There also is room for lesser-known vendors to make their marks. Take Netrana in Houston, for instance. The company was founded by Rusty Braziel, who previously founded Altra Energy Technologies, a successful online energy trading exchange. Altra is what Braziel calls a classic center-based exchange that provides the technology and sets the rules for buyers and sellers. "A center-based model requires some sort of revenue model to pay for the infrastructure," says Braziel, Netrana's president and CEO. "With SpotDealmaker, there is no exchange, so there's no need for the revenue model."

SpotDealmaker is the trading platform Netrana expects to have ready this summer. It will enable buyers and sellers to transact business directly without going through an exchange, and it's based on peer-to-peer technology. "We don't want to get hung up with people thinking of Napster because underneath, it looks quite different," says Braziel. "SpotDealmaker has the ability to be machine-to-machine, a directory, store and forward service on an ASP basis."

FirstPeer is doing something similar. In January, the company unveiled its Personal Servant P2P ASP service, and in February it launched GnuMarkets, which it classifies as a peer-to-peer marketplace. "In the real world, many markets have tens of thousands of participants that are already interacting," says Brent Gutekunst, FirstPeer's president. "Instead of saying, 'Let's change the way you do business,' P2P is a technology that reflects how people do business already."

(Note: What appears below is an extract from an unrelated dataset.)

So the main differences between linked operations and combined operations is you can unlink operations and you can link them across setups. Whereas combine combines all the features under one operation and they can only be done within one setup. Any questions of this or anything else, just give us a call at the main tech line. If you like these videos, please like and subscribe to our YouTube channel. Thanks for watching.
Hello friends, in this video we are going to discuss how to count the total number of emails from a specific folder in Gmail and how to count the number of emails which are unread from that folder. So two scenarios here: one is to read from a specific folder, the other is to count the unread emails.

It remains to be seen whether P2P technology will banish the need for an underlying exchange. "In Ariba and other platforms, it is peer-to-network, and participants follow the rules of that community," says Extricity's Kraemer. "But you can use P2P after you agree to adopt the prevailing standard, whatever that is."

"P2P will not obviate the need for Ariba and Commerce One," says Val Sribar, senior VP at the Meta Group in Reston, Va. "They'll start building it in."

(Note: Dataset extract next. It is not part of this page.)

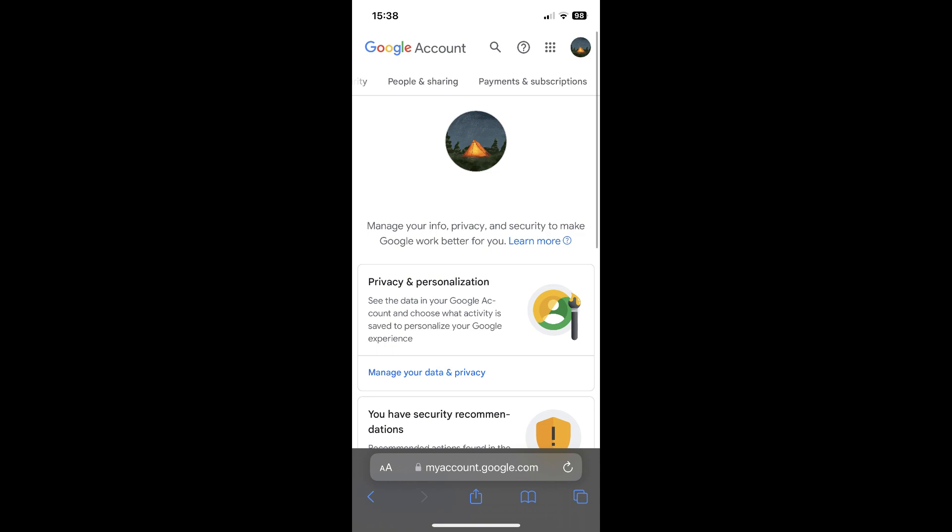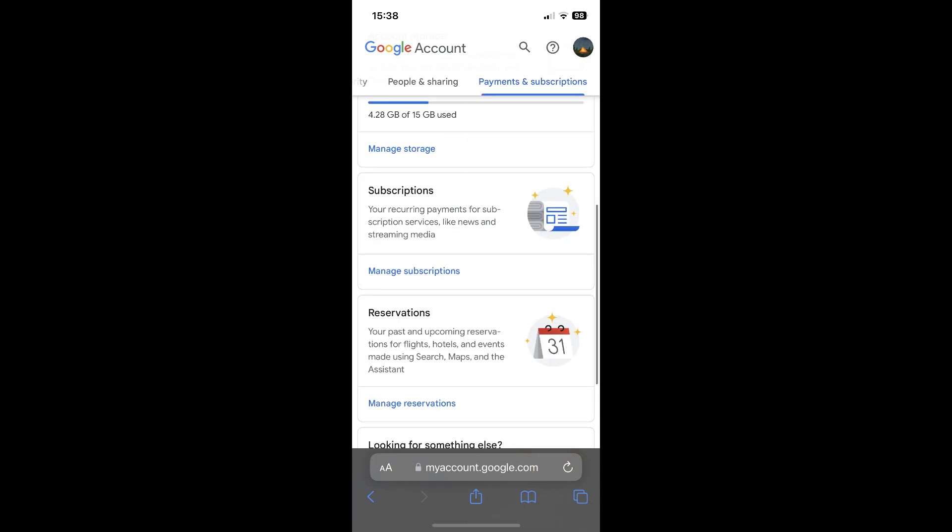Then swipe and tap on payment and subscriptions. Then scroll down until you find subscriptions and tap on manage subscriptions.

Another interesting company is Viacore Inc., started by the founder of RosettaNet and funded by Arrow Electronics, Avnet, FedEx, Ingram Micro, Softbank and Tech Data. The company has developed what it calls ProcessTone, a managed collaborative infrastructure for connecting hundreds of trading partners to one another. The hub in the middle does all translation between—and validation of—documents. The technology is currently being tested at a number of customers, including one that's processing a million documents in a three-hour daily period.

"A lot of our customers have [enterprise application-integration software maker] webMethods and a systems integration partner," says Fadi Chehadé, CEO and chairman. "WebMethods provides the middleware, the SI connects all the apps, but then how do you connect to all your partners? You need a network and infrastructure to do all the routing, translation and management."

Viacore's only real competitor right now is GXS, which has a similar model. The exchange is talking to "many, many players," says Campagnoni, to provide translation software and services. "We call it our liquidity play," he says, alluding to GXS's one billion transactions annually, worth $1 trillion. "We leverage that to help them provide liquidity."

"We think Viacore has the right model," says PricewaterhouseCoopers' Porta. "Integration is the complexity in all this."

Long, laborious integration is what it will take. "We understand the technology we provide is nothing more than an enabler," says Kevin Shick, VP of product marketing at Commerce One. "It's bringing together the technology and the professional services that will provide a much richer solution."

That's why systems integrators are counting on Net markets, whether public, private or something in between, to surpass the ERP boom. The Net market business, says Porta, "is the most strategic initiative at the firm."